At Preuss, Barton sees firsthand the impact of more and better learning time.

“With the additional time, we can provide an environment where students are challenged academically and empowered to think critically,” he said. “We can also offer art, music and physical education—subjects that are increasingly cut from other schools, yet have been shown to improve students’ educational outcomes.”

The results speak for themselves. Preuss graduates are consistently accepted to four-year colleges and universities at a rate of more than 90 percent and all 96 students in the Class of 2013—Preuss’ tenth graduating class—were accepted to a four-year college or university. Many of the school’s more than 800 graduates have gone on to attend colleges and universities such as Harvard, Yale, MIT, Stanford, Columbia, Cornell and Dartmouth as well as all of the schools in the University of California system.

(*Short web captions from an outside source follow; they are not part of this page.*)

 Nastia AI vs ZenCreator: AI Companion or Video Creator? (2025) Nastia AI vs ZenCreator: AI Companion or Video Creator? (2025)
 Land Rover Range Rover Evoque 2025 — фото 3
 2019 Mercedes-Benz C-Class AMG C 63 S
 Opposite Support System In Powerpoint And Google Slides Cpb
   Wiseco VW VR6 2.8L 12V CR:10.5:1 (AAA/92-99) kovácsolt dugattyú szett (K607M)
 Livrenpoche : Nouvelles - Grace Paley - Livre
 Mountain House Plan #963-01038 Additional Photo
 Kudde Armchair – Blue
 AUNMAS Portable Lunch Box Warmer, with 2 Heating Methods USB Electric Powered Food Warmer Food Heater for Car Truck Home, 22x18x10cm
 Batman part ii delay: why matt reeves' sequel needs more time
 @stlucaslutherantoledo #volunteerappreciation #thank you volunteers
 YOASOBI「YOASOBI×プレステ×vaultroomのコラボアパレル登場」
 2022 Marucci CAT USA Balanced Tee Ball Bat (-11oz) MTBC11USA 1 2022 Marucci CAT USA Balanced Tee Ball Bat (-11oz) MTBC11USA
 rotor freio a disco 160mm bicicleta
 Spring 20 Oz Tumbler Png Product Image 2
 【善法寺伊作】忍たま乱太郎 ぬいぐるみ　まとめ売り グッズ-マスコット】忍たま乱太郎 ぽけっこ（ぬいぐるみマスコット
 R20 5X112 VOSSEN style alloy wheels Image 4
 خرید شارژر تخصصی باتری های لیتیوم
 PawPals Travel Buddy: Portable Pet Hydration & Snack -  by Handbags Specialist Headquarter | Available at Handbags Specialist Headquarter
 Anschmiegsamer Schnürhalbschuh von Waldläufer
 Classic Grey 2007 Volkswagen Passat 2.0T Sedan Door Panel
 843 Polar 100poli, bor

Preuss has also garnered numerous accolades. Newsweek has named Preuss the top transformative high school in the nation for three years in a row, citing the school’s ability to lead the way in getting low-income and first-generation students ready for college and beyond. The school was also ranked as one of the top five charter schools in California in a report by the University of Southern California, and has been consistently ranked as one of America’s best high schools by Newsweek, The Washington Post and U.S. News & World Report, among others.

These achievements are due, in no small part, to the power of expanded learning time.

“Longer learning time is absolutely fundamental to what we do here,” said Barton. “We must ensure that the transformative power of a Preuss education is available for generations to come.”